The standby trust fund must be established in accordance with the requirements of subdivision (1). Under the terms of the bond, all payments made if the bond is utilized must be deposited by the surety directly into the standby trust fund in accordance with instructions from the commissioner.
(D) The surety company issuing the bond must be:
(i) among those listed as acceptable sureties for federal bonds in Circular 570 of the United States Department of the Treasury; and
(ii) authorized to do business in Indiana.
(E) The surety will not be liable for deficiencies in the performance of closure by the permittee after the commissioner releases the permittee in accordance with section 6 of this rule.
(3) The letter-of-credit option, including the following:
(A) The permittee may satisfy the requirements of this section by establishing a letter-of-credit on: as follows:
(i) forms provided by the commissioner; or
(ii) other forms approved by the commissioner.
(i) Make the wording of the letter-of-credit identical to the wording specified in section 15 of this rule.
(ii) Submit an original signed copy and a duplicate of the letter-of-credit to the commissioner.
(B) All letters of credit must contain the following:
(i) The establishment of credit in the amount determined by subsection (b).
(ii) Irrevocability.
(iii) An effective period of at least one (1) year and automatic extensions for periods of at least one (1) year unless the issuing institution provides written notification of cancellation by certified mail to both the permittee and the commissioner at least one hundred twenty (120) days before the effective date of cancellation.
(iv) Provision that, upon written notice from the commissioner, the institution issuing the letter-of-credit will:
(AA) state that the permittee's obligations have not been fulfilled; and
(BB) deposit funds equal to the amount of the letter-of-credit into a standby trust fund to be used to ensure the permittee's closure obligations are fulfilled.
(C) The permittee shall establish a standby trust fund to be utilized in the event the:
(i) permittee fails to fulfill its closure obligations; and
(ii) letter-of-credit is utilized.
The standby trust funds must be established in accordance with the requirements of subdivision (1).
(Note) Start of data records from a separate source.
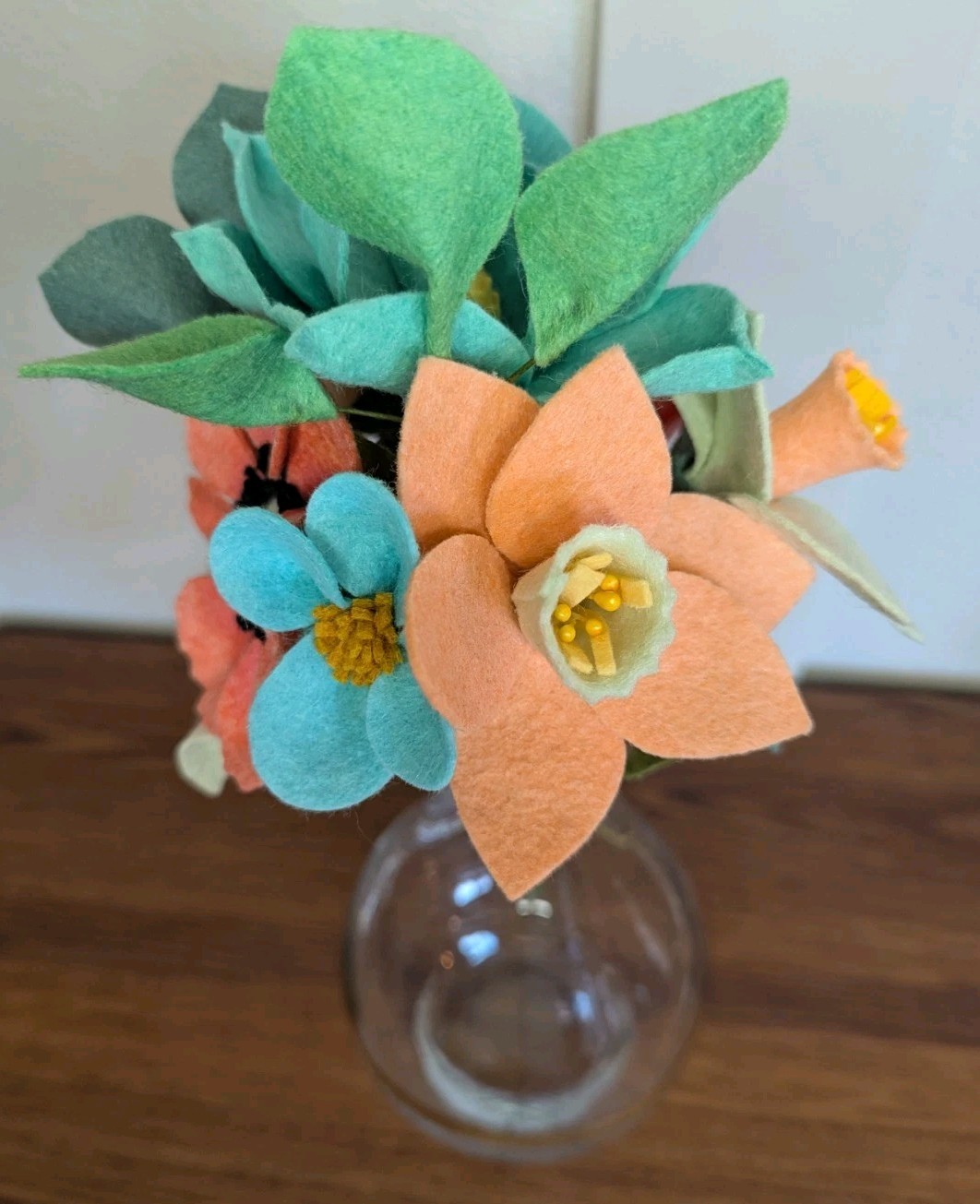 Beautiful Hand Cut Wool Blend Felt Flower Bouquet Gift Wrapped/Great Gift Idea!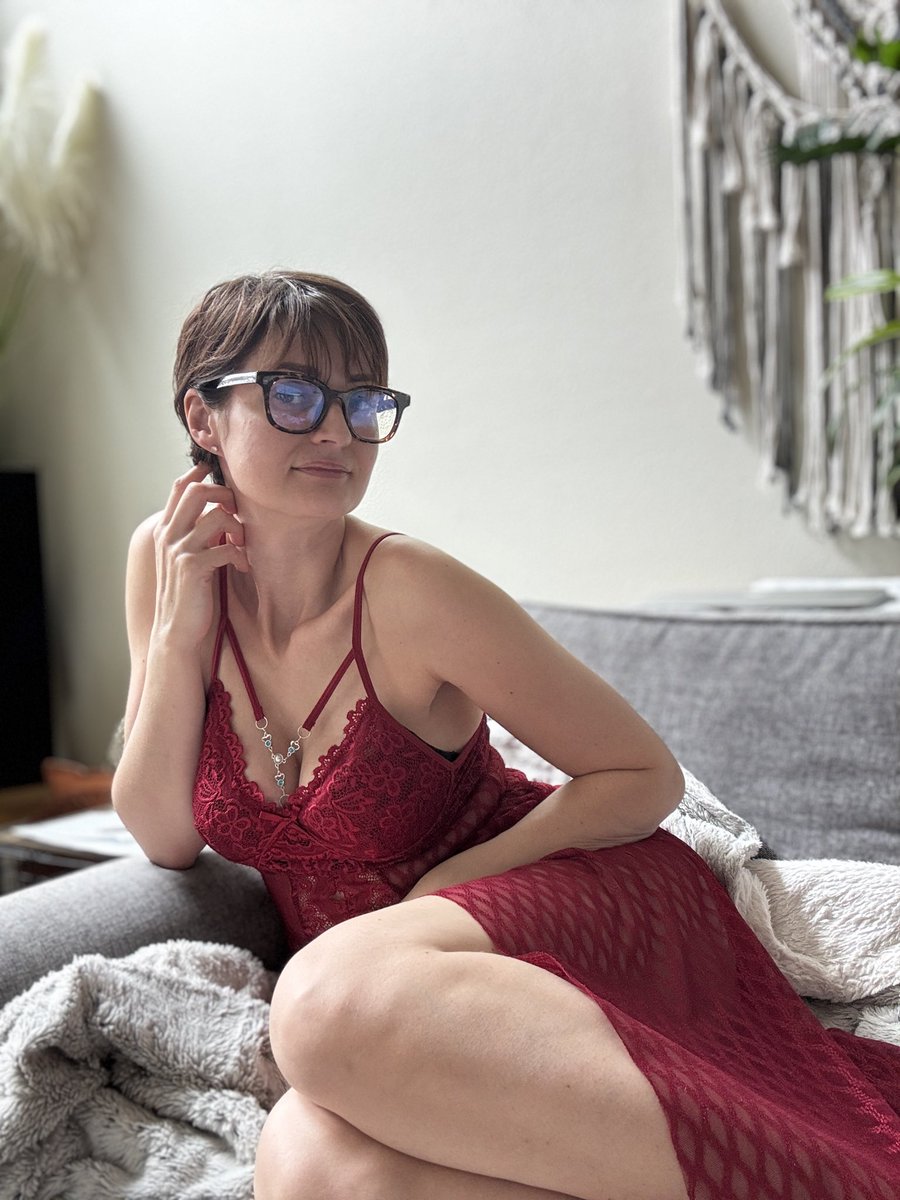 Masha Nova tweet media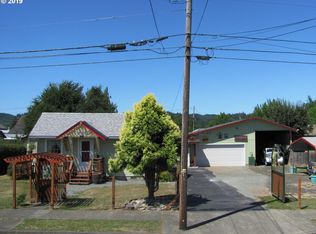 812 B St, Myrtle Point, OR 97458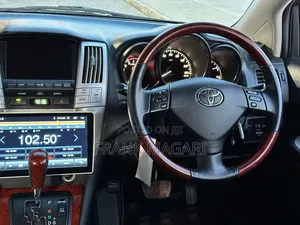 Toyota Harrier 2005 White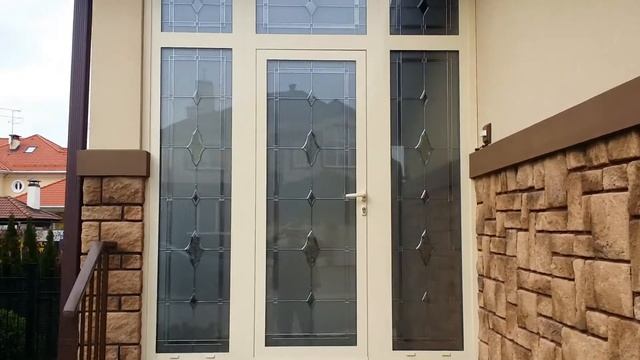 Входная группа с витражами из протяжки и хрусталиков.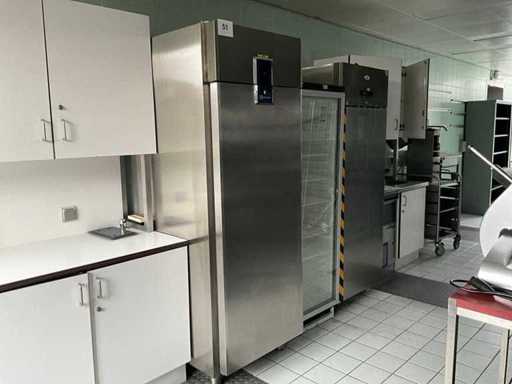 Réfrigérateur en acier inoxydable Electrolux ESP71FRCA
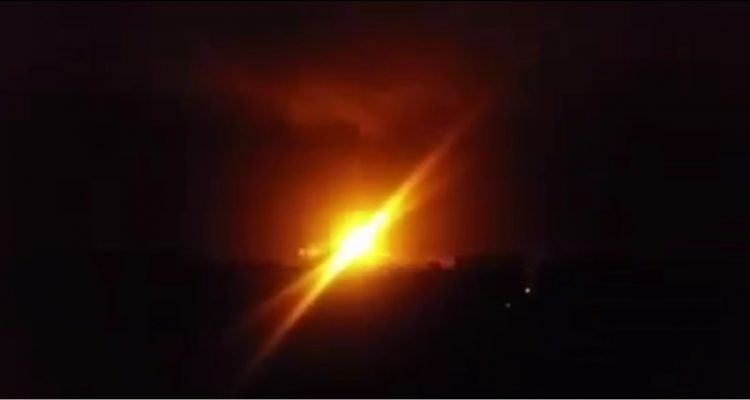 ورد الان… قتلى وجرحى في غارة جوية لمقاتلات التحالف على مواقع الحوثيين في “عطان” قبل قليل (صور)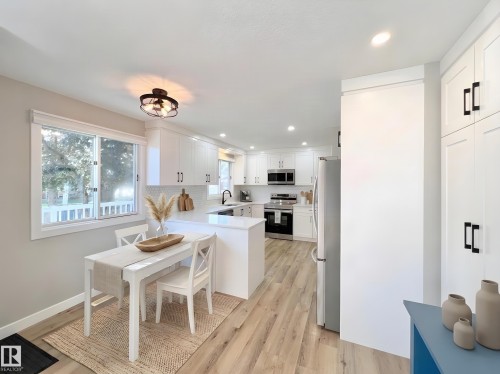 4235 147 Street Nw, Edmonton, AB - Indoor
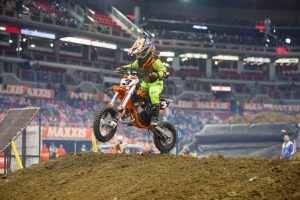 Világbajnoki futamon kezdte az évet az ifjú móri motorversenyzõ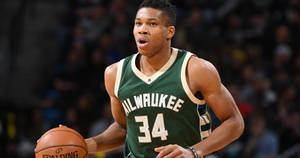 Giannis Antetokounmpo Bucks 34 Wallpaper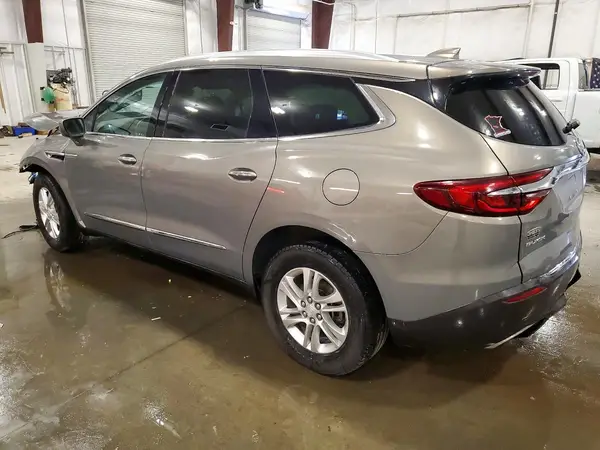 5GAEVAKW9JJ261154 2018 BUICK ENCLAVE - Image 2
Under the terms of the letter-of-credit, all amounts paid pursuant to a commissioner's request in the event the permittee fails to fulfill its closure obligations must be deposited by the issuing institution directly into the standby trust fund in accordance with instructions from the commissioner.
(D) The issuing institution must be an entity:
(i) that has the authority to issue letters of credit; and
(ii) whose letters of credit operations are regulated and examined by a federal or Indiana agency.
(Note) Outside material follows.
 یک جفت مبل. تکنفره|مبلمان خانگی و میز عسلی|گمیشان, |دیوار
(4) The insurance option, including the following:
(A) The permittee may satisfy the requirements of this section by providing evidence of insurance on: as follows:
(i) forms provided by the commissioner; or
(ii) other forms approved by the commissioner.
(i) Make the wording of the certificate of insurance identical to the wording specified in section 16 of this rule.
(ii) Submit a certificate of closure insurance to the commissioner.
(B) All insurance must include the following requirements:
(i) Be in the amount determined by subsection (b).
(ii) Provide that, upon written notification to the insurer by the commissioner that the permittee has failed to perform final closure, the insurer shall make payments:
(AA) in any amount, not to exceed the amount insured; and
(BB) to any person authorized by the commissioner.
(iii) Provide that the permittee shall maintain the policy in full force and effect unless the commissioner consents in writing to termination of the policy.
(iv) Provide for assignment of the policy to a transferee permittee.
(v) Provide that the insurer may not cancel, terminate, or fail to renew the policy except for failure of the permittee to pay the premium. No policy may:
(AA) be canceled;
(BB) be terminated; or
(CC) fail to be renewed;
unless at least one hundred twenty (120) days before the event the commissioner and the permittee are notified by the insurer in writing.
(C) The insurer shall either be:
(i) licensed to transact the business of insurance; or
(ii) eligible to provide insurance as an excess or surplus lines insurer;
in one (1) or more states.
(5) The financial test for restricted waste sites option, including the following:
(A) This financial test is only available for restricted waste sites that are permitted to accept restricted waste criteria Types I, II, and III. The permittee must meet the requirements of:
(i) clause (B); or
(ii) clause (B)(i) and either clause (B)(ii) or (B)(iii) if the permittee:
(AA) is a public utility operating in Indiana subject to the jurisdiction of the Indiana utility regulatory commission under IC 8-1-2; and
(BB) remits annual financial information to the commission under IC 8-1-2-16.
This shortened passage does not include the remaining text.